SJW CORP. STOCK OPTION DIVIDEND EQUIVALENT RIGHTS AGREEMENT
EXHIBIT
10.16
STOCK
OPTION
DIVIDEND EQUIVALENT RIGHTS
AGREEMENT
RECITALS
A. The
Board has adopted the Plan for the purpose of retaining the services of selected
Employees and non-employee members of the Board (or the board of directors of
any Parent or Subsidiary).
B. Participant
has this day been granted an Option under the Plan which provides for dividend
equivalent rights with respect to the shares of Common Stock subject to that
Option.
C. The
purpose of this Agreement is to set forth the terms and conditions governing
those dividend equivalent rights.
D. All
capitalized terms in this Agreement shall have the meaning assigned to them in
the Plan and the Notice of Grant and Stock Option Agreement evidencing the
granted Option (collectively, the "Option Agreement").
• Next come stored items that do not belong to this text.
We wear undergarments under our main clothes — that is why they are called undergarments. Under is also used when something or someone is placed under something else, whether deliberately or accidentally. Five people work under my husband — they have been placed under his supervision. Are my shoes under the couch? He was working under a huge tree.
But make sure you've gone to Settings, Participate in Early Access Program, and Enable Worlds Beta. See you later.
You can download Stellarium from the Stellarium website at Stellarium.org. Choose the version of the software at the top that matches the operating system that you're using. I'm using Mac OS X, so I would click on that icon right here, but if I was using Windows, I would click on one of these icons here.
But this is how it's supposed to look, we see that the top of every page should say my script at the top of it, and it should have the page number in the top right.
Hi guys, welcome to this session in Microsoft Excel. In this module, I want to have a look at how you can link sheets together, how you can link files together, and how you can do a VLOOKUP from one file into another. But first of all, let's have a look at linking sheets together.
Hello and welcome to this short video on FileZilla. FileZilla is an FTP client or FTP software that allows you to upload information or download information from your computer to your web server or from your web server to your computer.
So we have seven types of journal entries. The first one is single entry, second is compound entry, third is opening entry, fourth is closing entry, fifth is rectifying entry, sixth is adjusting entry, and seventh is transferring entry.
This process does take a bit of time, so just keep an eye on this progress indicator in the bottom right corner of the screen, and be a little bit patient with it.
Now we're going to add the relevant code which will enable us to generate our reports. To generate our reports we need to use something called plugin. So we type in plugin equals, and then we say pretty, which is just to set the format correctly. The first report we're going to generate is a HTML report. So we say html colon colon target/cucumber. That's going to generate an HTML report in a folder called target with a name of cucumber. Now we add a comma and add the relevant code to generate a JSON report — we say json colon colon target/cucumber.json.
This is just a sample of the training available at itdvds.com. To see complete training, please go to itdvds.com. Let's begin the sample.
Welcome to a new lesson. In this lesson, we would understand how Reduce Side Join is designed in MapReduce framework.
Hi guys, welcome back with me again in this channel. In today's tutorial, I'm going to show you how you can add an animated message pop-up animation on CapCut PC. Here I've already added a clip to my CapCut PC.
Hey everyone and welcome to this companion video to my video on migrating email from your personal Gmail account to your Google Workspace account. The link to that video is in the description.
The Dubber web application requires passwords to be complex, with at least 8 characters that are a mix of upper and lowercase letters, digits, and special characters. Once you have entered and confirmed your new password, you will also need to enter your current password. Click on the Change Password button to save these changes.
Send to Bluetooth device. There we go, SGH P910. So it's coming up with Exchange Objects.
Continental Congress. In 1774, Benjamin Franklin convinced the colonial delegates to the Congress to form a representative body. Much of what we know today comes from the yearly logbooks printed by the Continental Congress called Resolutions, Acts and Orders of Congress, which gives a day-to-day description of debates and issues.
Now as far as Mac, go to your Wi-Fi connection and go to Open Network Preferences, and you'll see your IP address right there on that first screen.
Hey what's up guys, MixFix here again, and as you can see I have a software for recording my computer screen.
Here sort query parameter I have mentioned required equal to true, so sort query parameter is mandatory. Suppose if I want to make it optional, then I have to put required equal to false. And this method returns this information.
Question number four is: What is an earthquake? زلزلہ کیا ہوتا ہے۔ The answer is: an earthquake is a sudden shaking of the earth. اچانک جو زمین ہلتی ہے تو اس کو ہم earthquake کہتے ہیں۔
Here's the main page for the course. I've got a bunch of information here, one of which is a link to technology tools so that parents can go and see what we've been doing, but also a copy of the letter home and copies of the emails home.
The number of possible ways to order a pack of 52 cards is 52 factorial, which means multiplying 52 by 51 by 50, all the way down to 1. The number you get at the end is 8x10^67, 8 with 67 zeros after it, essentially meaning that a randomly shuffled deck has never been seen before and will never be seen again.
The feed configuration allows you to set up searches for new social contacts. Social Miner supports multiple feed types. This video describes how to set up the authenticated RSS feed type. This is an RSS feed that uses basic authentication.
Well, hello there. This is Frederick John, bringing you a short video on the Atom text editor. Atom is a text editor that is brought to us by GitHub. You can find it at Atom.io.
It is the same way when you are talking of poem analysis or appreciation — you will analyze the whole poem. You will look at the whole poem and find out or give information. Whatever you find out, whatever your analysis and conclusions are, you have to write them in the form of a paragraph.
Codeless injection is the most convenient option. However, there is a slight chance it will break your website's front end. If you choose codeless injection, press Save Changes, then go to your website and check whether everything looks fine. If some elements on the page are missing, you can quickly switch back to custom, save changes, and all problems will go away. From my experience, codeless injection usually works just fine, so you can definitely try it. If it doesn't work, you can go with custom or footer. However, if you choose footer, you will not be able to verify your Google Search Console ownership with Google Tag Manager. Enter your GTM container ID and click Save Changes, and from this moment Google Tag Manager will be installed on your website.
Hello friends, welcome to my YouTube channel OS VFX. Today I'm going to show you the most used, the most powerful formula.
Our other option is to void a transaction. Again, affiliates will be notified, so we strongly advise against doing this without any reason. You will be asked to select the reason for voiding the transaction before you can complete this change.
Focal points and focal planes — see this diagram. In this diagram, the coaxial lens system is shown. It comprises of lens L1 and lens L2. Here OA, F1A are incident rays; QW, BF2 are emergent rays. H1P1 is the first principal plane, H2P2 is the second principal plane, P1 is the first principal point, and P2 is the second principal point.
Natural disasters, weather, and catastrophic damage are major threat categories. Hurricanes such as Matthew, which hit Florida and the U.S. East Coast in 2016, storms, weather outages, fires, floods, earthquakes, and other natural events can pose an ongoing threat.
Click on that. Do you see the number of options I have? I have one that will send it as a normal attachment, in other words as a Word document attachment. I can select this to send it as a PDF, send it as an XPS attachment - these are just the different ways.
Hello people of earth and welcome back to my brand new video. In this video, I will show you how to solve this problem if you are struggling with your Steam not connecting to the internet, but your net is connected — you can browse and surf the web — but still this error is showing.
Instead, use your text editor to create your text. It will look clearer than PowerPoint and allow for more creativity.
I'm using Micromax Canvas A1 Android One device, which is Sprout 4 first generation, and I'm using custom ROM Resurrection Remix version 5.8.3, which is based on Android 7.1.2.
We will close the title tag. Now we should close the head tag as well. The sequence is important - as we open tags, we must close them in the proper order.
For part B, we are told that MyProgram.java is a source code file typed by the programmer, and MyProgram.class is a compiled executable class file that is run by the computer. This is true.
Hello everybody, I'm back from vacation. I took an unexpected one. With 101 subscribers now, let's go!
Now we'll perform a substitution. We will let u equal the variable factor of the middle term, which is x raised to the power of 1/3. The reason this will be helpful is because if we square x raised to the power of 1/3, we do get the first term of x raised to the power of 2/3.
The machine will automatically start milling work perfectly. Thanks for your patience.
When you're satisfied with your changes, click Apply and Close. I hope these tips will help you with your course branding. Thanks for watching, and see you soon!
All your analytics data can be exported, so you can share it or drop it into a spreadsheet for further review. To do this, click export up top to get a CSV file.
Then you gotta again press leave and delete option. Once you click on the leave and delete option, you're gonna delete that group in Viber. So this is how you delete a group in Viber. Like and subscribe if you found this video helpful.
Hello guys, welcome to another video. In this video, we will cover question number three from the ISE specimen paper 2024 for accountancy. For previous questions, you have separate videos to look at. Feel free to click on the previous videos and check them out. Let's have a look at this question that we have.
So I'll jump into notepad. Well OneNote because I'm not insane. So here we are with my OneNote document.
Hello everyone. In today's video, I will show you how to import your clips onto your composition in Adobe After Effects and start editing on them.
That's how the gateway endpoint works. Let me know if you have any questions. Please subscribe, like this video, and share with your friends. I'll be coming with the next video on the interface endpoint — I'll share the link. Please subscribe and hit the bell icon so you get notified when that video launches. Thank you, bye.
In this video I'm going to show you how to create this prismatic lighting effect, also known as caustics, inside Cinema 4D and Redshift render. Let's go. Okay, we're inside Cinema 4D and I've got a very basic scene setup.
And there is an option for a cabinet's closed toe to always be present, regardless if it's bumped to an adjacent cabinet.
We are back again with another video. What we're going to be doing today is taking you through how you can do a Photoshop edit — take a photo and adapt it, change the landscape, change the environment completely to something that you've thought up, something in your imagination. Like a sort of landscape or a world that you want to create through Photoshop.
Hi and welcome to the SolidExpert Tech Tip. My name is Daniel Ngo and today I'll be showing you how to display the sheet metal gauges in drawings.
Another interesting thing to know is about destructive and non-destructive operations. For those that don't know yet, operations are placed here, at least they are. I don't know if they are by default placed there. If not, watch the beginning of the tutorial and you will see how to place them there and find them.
NOW, THEREFORE, it is hereby
agreed as follows:
1. An
Option Deferred Stock Account with respect to the Option will be established for
the Participant on the books and records of the Corporation.
2. Each
time a dividend is paid on the Corporation’s outstanding shares of Common Stock
after the Grant Date, the Option Deferred Stock Account will be credited with a
dollar amount equal to the amount of that dividend paid per share multiplied by
the number of shares of Common Stock at the time subject to the Option (plus the
number of shares previously credited to the Option Deferred Stock Account
pursuant to the dividend equivalent rights hereunder) as of the record date for
the dividend; provided,
however, that no further amounts shall be credited after the earlier of the fourth
anniversary of the Grant Date or the first exercise of the Option.
3. As
of the first business day in January each year, the cash dividend amounts
credited to the Option Deferred Stock Account during the immediately preceding
calendar year shall be converted into a book entry of an additional
number of shares of Common Stock determined by dividing (i) those cash dividend
equivalent amounts by (ii) the average of the Fair Market Value per share of
Common Stock on each of the dates in the immediately preceding calendar year on
which those dividend amounts were credited to the Option Deferred Stock
Account.
4. The
shares credited to the Option Deferred Stock Account will vest at the same time
and in the same manner as the Option Shares to which they are attributable vest.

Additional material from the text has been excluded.